Use the container as your development environment. This guarantees:

Identical CUDA / NCCL / cuDNN versions across developers and CI.
uv.lock resolves the same way locally and in CI (the lockfile is Linux-only; it cannot be regenerated on macOS).
GPU-dependent operations work out of the box.

Container Options#

Option 1: NeMo Framework Container (fastest)#

Find available tags at https://catalog.ngc.nvidia.com/orgs/nvidia/containers/nemo/tags

skopeo list-tags docker://nvcr.io/nvidia/nemo \
  | python3 -c "import sys,json,re; tags=json.load(sys.stdin)['Tags']; [print(t) for t in sorted((t for t in tags if re.match(r'^\d{2}\.\d{2}', t)), reverse=True)]"
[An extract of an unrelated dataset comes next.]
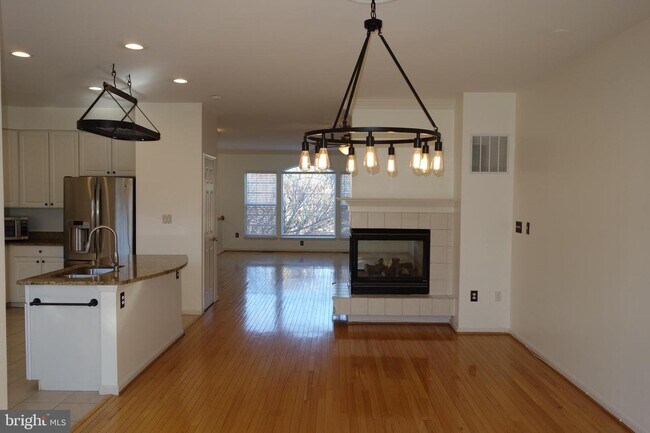 Building Photo - 43091 Northlake Overlook Terrace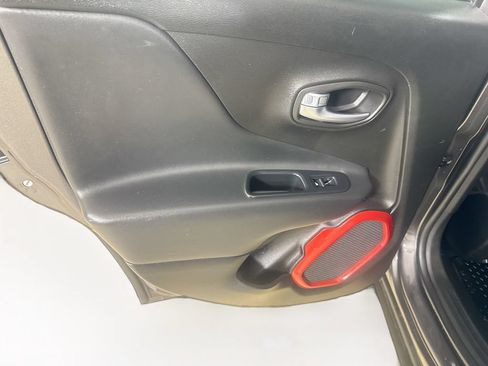 Used 2017 Jeep Renegade Trailhawk w/ Premium Trailhawk Package AWD/4WD image 22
docker run --rm -it --gpus all --shm-size=24g \
  nvcr.io/nvidia/nemo:<tag> \
  bash

Option 2: Build the Megatron Bridge Container#

See @docker/README.md for build commands, build arguments, and the full NeMo-FW image stack.

Running the Container#

docker run --rm -it -w /opt/Megatron-Bridge \
  -v $(pwd):/opt/Megatron-Bridge \
  -v $HOME/.cache/uv:/root/.cache/uv \
  --gpus all \
  --shm-size=24g \
  --ulimit memlock=-1 \
  --ulimit stack=67108864 \
  megatron-bridge:latest \
  bash

Mounting $HOME/.cache/uv avoids re-downloading wheels on every run.

Containers on Slurm#

On Slurm clusters with Enroot/Pyxis, pass containers directly to srun:

srun --mpi=pmix \
  --container-image="$CONTAINER_IMAGE" \
  --container-mounts="$CONTAINER_MOUNTS" \
  --no-container-mount-home \
  bash -c "cd /opt/Megatron-Bridge && uv run --no-sync python ..."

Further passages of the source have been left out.